The usage is simple. Just add a string to the set, and ask for it later by using either .get or []:

>>> a = fuzzyset.FuzzySet()
>>> a.add("michael axiak")
>>> a.get("micael asiak")
[(0.8461538461538461, u'michael axiak')]

The result will be a list of (score, mached_value) tuples. The score is between 0 and 1, with 1 being a perfect match.

For roughly 15% performance increase, there is also a Cython-implemented version called cfuzzyset. So you can write the following, akin to cStringIO and cPickle:

try:
    from cfuzzyset import cFuzzySet as FuzzySet
except ImportError:
    from fuzzyset import FuzzySet

Construction Arguments

  • iterable: An iterable that yields strings to initialize the data structure with

  • gram_size_lower: The lower bound of gram sizes to use, inclusive (see Theory of operation). Default: 2

  • gram_size_upper: The upper bound of gram sizes to use, inclusive (see Theory of operation). Default: 3

  • use_levenshtein: Whether or not to use the levenshtein distance to determine the match scoring. Default: True

Theory of operation

Adding to the data structure

First let’s look at adding a string, ‘michaelich’ to an empty set. We first break apart the string into n-grams (strings of length n). So trigrams of ‘michaelich’ would look like:

'-mi'
'mic'
'ich'
'cha'
'hae'
'ael'
'eli'
'lic'
'ich'
'ch-'

Note that fuzzyset will first normalize the string by removing non word characters except for spaces and commas and force everything to be lowercase.

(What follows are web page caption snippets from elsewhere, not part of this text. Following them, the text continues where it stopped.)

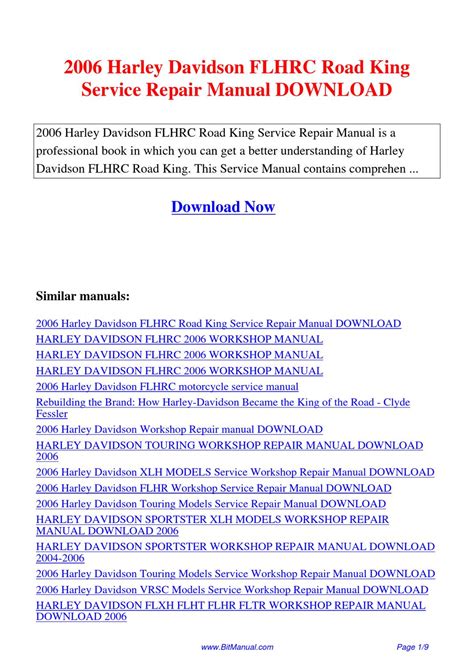 Harley Davidson Flhrc 2006 Service Workshop Repair Manual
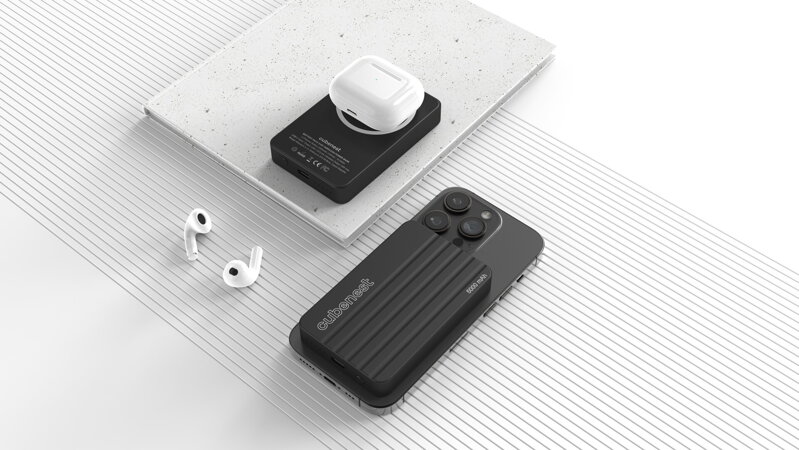 Cubenest Vezeték nélküli mágneses fekete power bank 5000 mAh S1B1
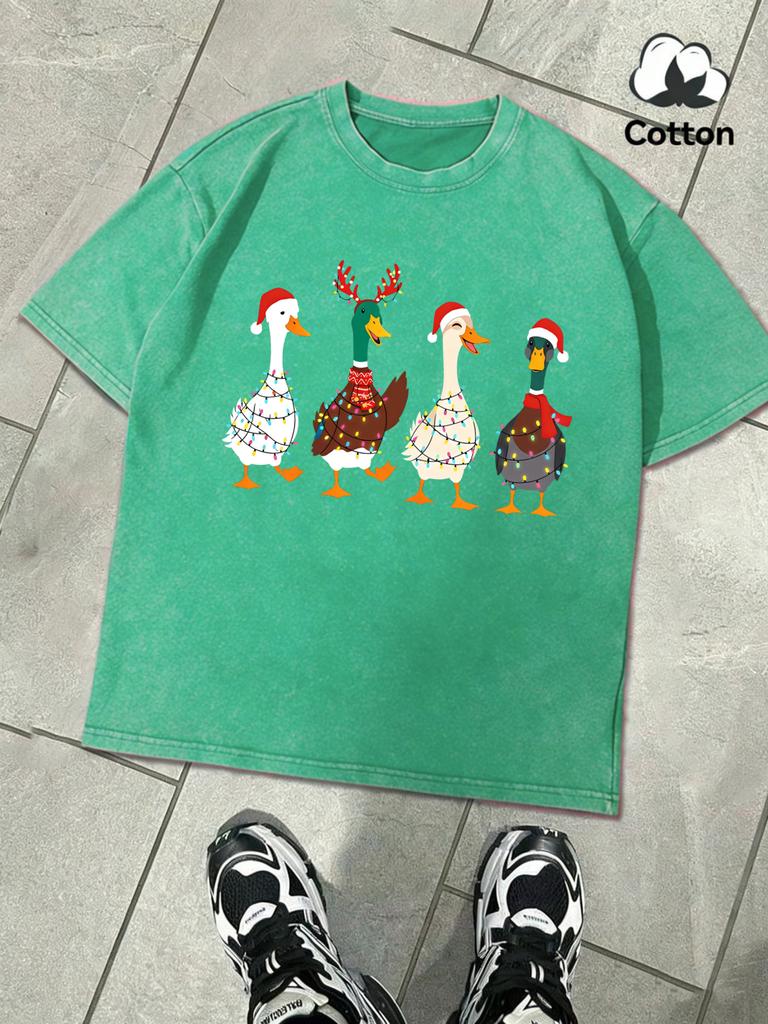 Ducks Full Of Festive Atmosphere Design Men Washed TShirts Summer Soft Cotton Tee Casual ONeck Clothing Street Short Sleeve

Next the fuzzyset essentially creates a reverse index on those grams. Maintaining a dictionary that says:

'mic' -> (1, 0)
'ich' -> (2, 0)
...

And there’s a list that looks like:

[(3.31, 'michaelich')]

Note that we maintain this reverse index for all grams from gram_size_lower to gram_size_upper in the constructor. This becomes important in a second.

Retrieving

To search the data structure, we take the n-grams of the query string and perform a reverse index look up. To illustrate, let’s consider looking up 'michael' in our fictitious set containing 'michaelich' where the gram_size_upper and gram_size_lower parameters are default (3 and 2 respectively).

We begin by considering first all trigrams (the value of gram_size_upper). Those grams are:

'-mi'
'mic'
'ich'
'cha'
'el-'

Then we create a list of any element in the set that has at least one occurrence of a trigram listed above. Note that this is just a dictionary lookup 5 times. For each of these matched elements, we compute the cosine similarity between each element and the query string. We then sort to get the most similar matched elements.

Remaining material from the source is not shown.